- WHAT YOU NEED TO DO -
Print each entry word for word without images.

• • • • • • •

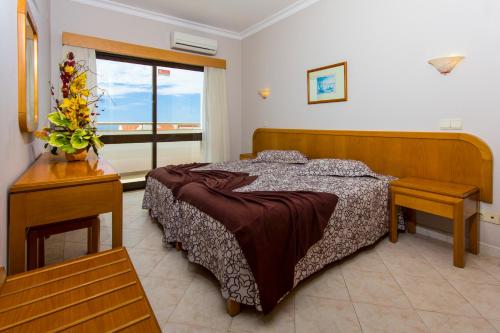 un dormitorio con una cama y una ventana en Aparthotel Paladim & Alagoamar, en Albufeira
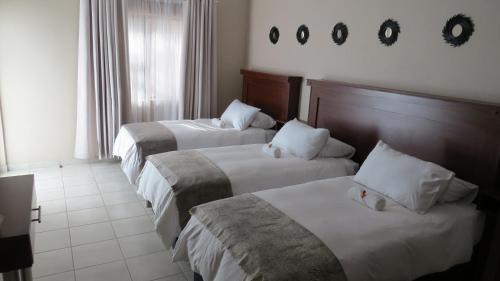 Una habitación de hotel con tres camas con sábanas blancas. en Villa Strada Guesthouse, en Klerksdorp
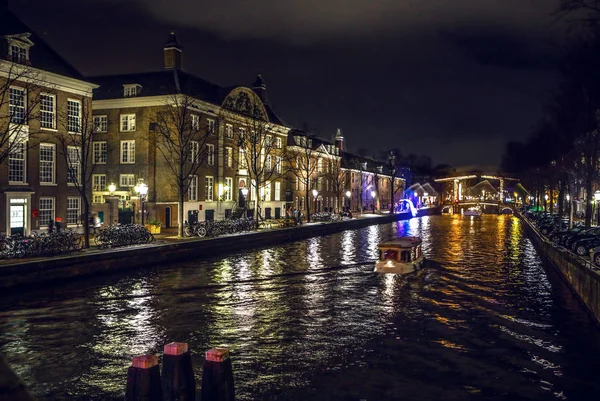 AMSTERDAM, PAYS-BAS - 02 JANVIER 2017 : Bateau de croisière dans les canaux de nuit d'Amsterdam. 02 janvier 2017 à Amsterdam - Pays-Bas . — Photo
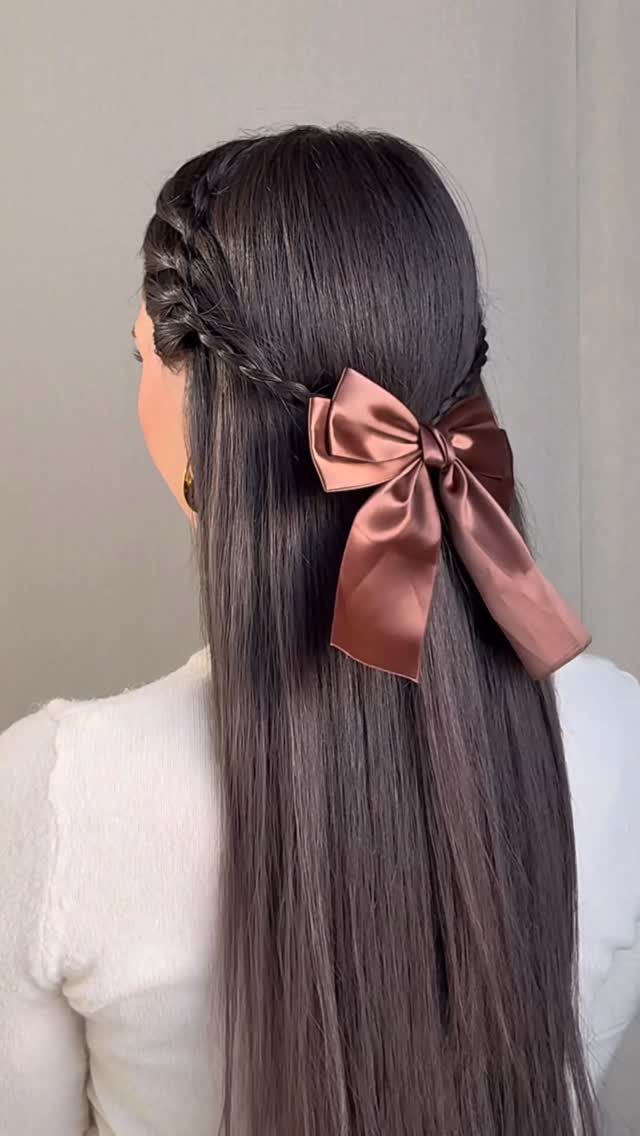 Long dark hair styled half up with a side braid and dusty-rose satin bow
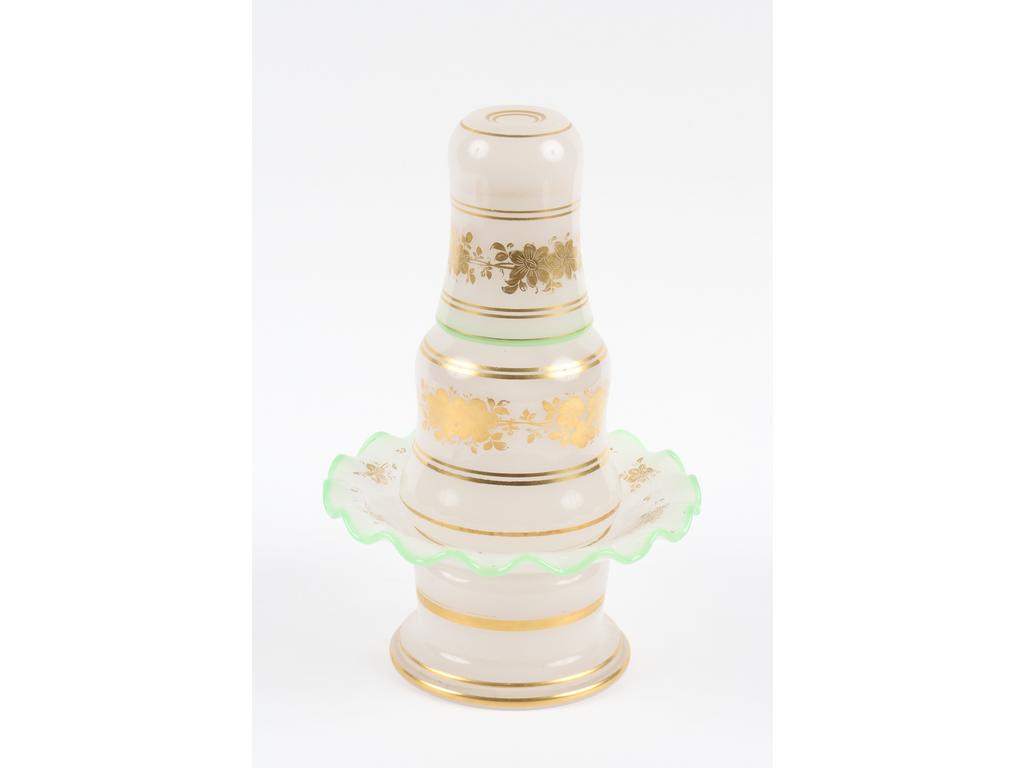 Verre de nuit en opaline blanche et dorée surligné de liserés verts. (Petit éclat au couvercle du flacon). Hauteur : 29 cm.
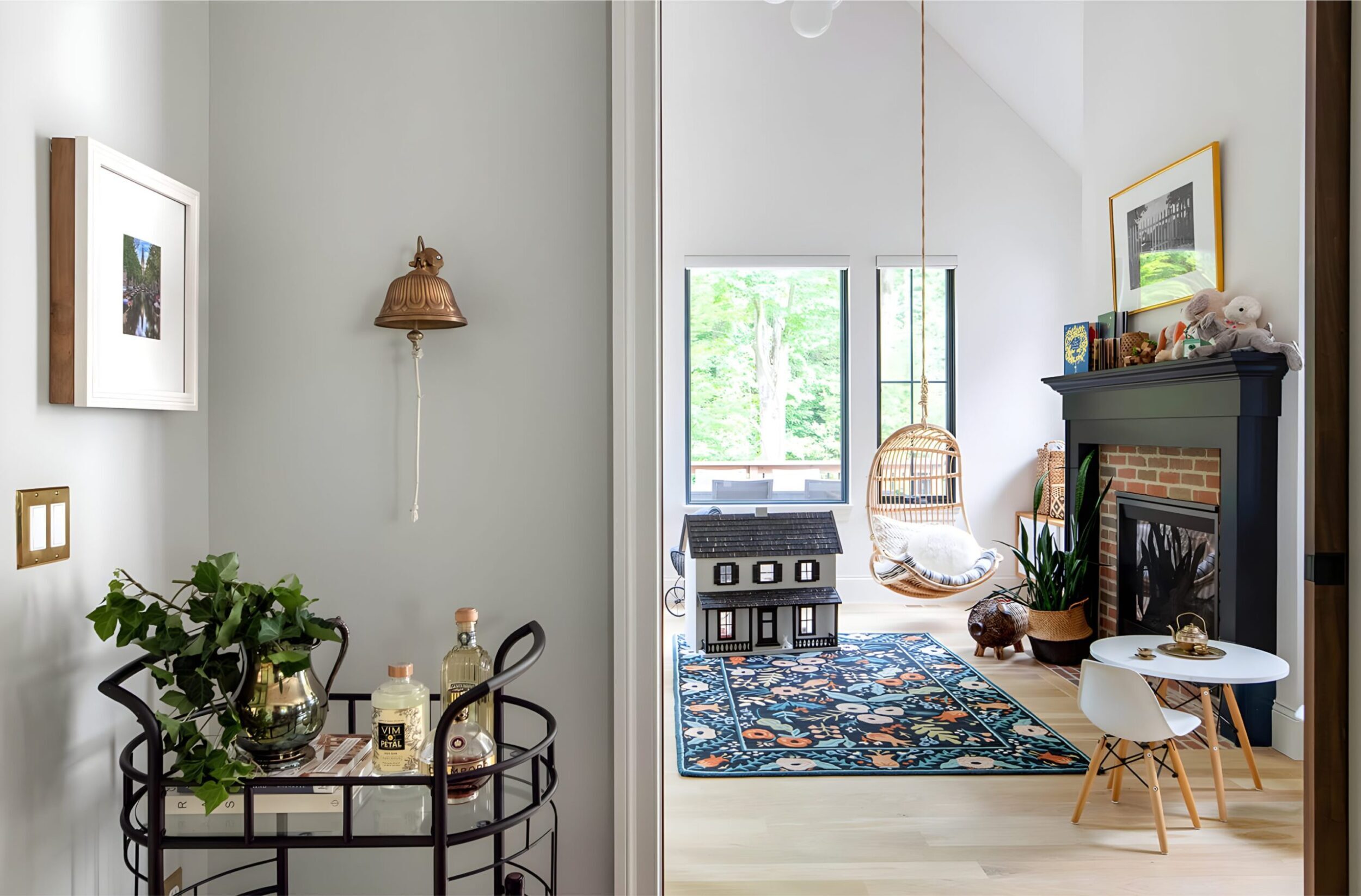 Bright hallway view into playful room with dollhouse, hanging chair, bar cart, and brick fireplace.
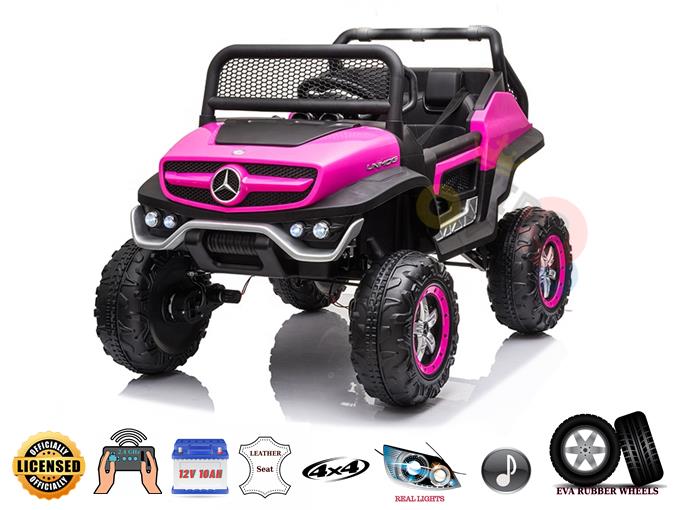 The Pink 12V/4X4 Official Mercedes Unimog Junior Ride On UTV is a pink and black off-road vehicle with large tires, a mesh grille, and metal accents. It features a leather seat, real lights, music capabilities, and can be guided via remote control.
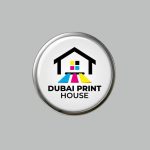 C ircular button featuring the logo of "Dubai Print House" with a stylized house icon and CMYK color stripes (cyan, magenta, yellow, and black) symbolizing printing beneath the house. The text "DUBAI PRINT HOUSE" is written below the graphic.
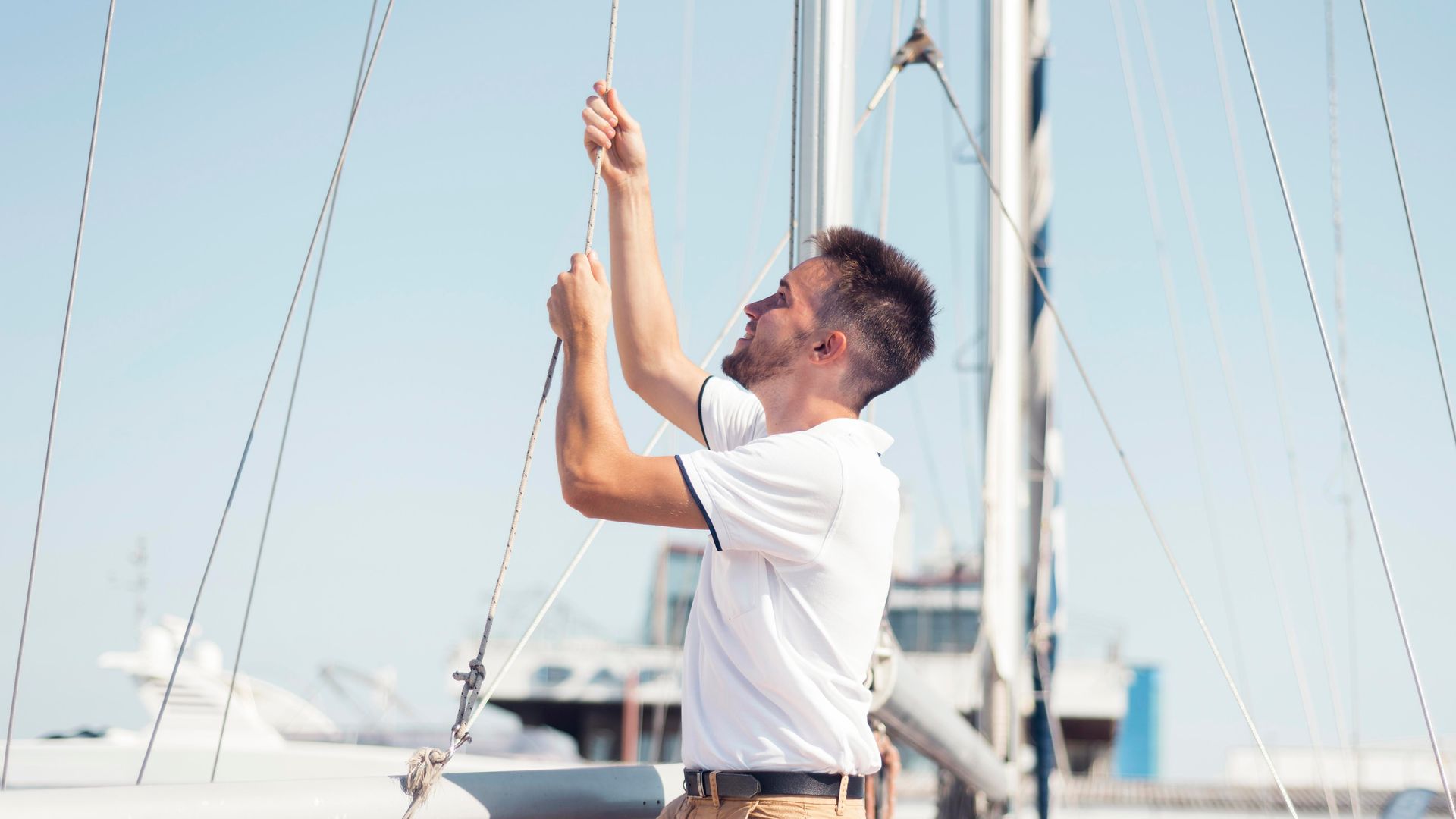 A man is working on the sails of a sailboat.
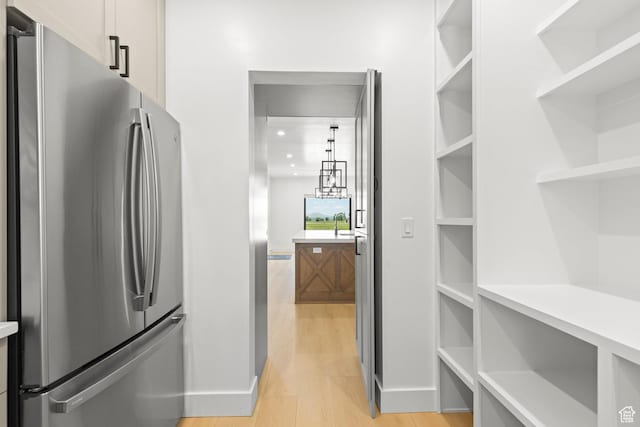 3359 W 3500 S, Wellsville, UT 84339 - spacious closet with light wood-style floors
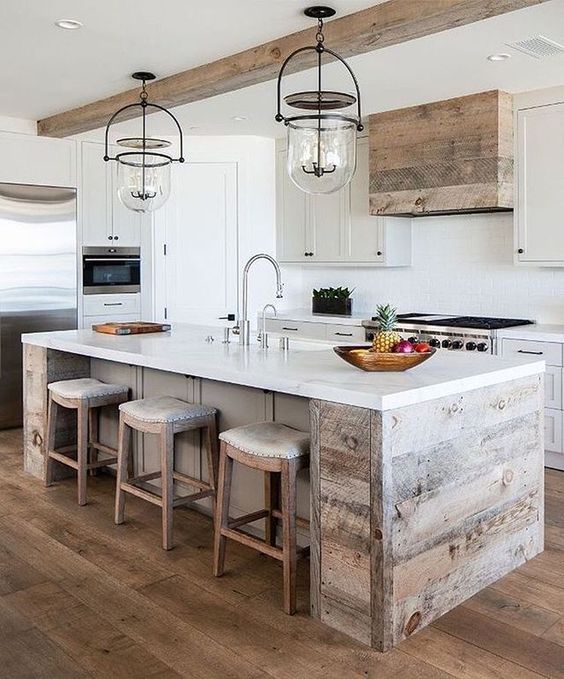 a neutral modern farmhouse kitchen with statement g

• • • • • • •

- RESULT OF THIS EXERCISE -
 un dormitorio con una cama y una ventana en Aparthotel Paladim & Alagoamar, en Albufeira
 Una habitación de hotel con tres camas con sábanas blancas. en Villa Strada Guesthouse, en Klerksdorp
 AMSTERDAM, PAYS-BAS - 02 JANVIER 2017 : Bateau de croisière dans les canaux de nuit d'Amsterdam. 02 janvier 2017 à Amsterdam - Pays-Bas . — Photo
 Long dark hair styled half up with a side braid and dusty-rose satin bow
 Verre de nuit en opaline blanche et dorée surligné de liserés verts. (Petit éclat au couvercle du flacon). Hauteur : 29 cm.
 Bright hallway view into playful room with dollhouse, hanging chair, bar cart, and brick fireplace.
 The Pink 12V/4X4 Official Mercedes Unimog Junior Ride On UTV is a pink and black off-road vehicle with large tires, a mesh grille, and metal accents. It features a leather seat, real lights, music capabilities, and can be guided via remote control.
 C ircular button featuring the logo of "Dubai Print House" with a stylized house icon and CMYK color stripes (cyan, magenta, yellow, and black) symbolizing printing beneath the house. The text "DUBAI PRINT HOUSE" is written below the graphic.
 A man is working on the sails of a sailboat.
 3359 W 3500 S, Wellsville, UT 84339 - spacious closet with light wood-style floors
 a neutral modern farmhouse kitchen with statement g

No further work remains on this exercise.